I checked if it is because of my net connection but no, every other webpage and forum loads just fine.

The browser tries to connect with the enworld server and then breaks with
the message:
"The connection has timed out

The server at www.enworld.org is taking too long to respond."

It is not that every connection fails, but at
least one or two hours in a day - since the mentioned four to five days - I 
cannot get enworld to load in the browser - just 10 or 20 minutes ago and at my try now to open this new thread I had another connection error -.

I just wanted to report this behaviour. Excuse me, if I write it here but this is
the first linked forum - I fear that I get the connection error if I try to go to
the special forum where one reports server errors on enworld -, so move feel free to move my thread there.


Thank you
regards
sunmaster


----------



## el-remmen (Feb 20, 2008)

Moving this to META


----------



## Mustrum_Ridcully (Feb 20, 2008)

sunmaster said:
			
		

> @Administrators of Enworld
> 
> Hello,
> 
> ...



I am having similar problems. It works often, but not always, but it's still noticeable. Any non-German/European posters with this problem?


----------



## Michael Morris (Feb 20, 2008)

I've been playing whackamole with hackers about once every other day, usually in the evening.  That is the cause.
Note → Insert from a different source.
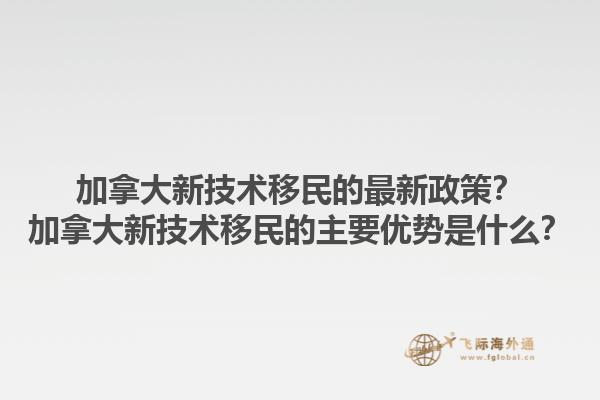 加拿大新技術(shù)移民的最新政策？加拿大新技術(shù)移民的主要優(yōu)勢(shì)是什么？1.jpg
This problem will continue until I can free up the time to fly to florida and rebuild the box. That will cost me about $600 in lost wages, around $300 for the plane ticket, around $300 for the hotel, $200 for a car for the week, and $200 to eat on, so about $1600 to fix it. I don't have that money yet but I'm working on it.


----------



## Jack99 (Feb 20, 2008)

Same problem here (Denmark), I got 2 time-outs getting to this thread, and 4 while trying to make this reply. This has been happening the last 24 hours, and never before.
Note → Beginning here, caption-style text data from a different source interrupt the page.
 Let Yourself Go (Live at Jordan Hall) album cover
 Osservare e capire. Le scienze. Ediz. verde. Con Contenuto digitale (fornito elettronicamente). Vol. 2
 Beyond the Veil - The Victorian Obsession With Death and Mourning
This is also the only place that this happens, my line is otherwise perfect.

Cheers


----------



## Jack99 (Feb 20, 2008)

Michael Morris said:
			
		

> I've been playing whackamole with hackers about once every other day, usually in the evening.  That is the cause. This problem will continue until I can free up the time to fly to florida and rebuild the box. That will cost me about $600 in lost wages, around $300 for the plane ticket, around $300 for the hotel, $200 for a car for the week, and $200 to eat on, so about $1600 to fix it. I don't have that money yet but I'm working on it.




Ack!


----------



## Umbran (Feb 20, 2008)

Jack99 said:
			
		

> Ack!




Yeah.  The benefit of remote hosting is that it can be found cheaply.  The detriment is that if you have to go and deal with it yourself, it costs an arm and a leg.


----------



## IronWolf (Feb 20, 2008)

Umbran said:
			
		

> Yeah.  The benefit of remote hosting is that it can be found cheaply.  The detriment is that if you have to go and deal with it yourself, it costs an arm and a leg.




Well, unless the remote hosting facility also allows remote console access.  Several do.  In those cases you can rebuild the box without being there with it.


----------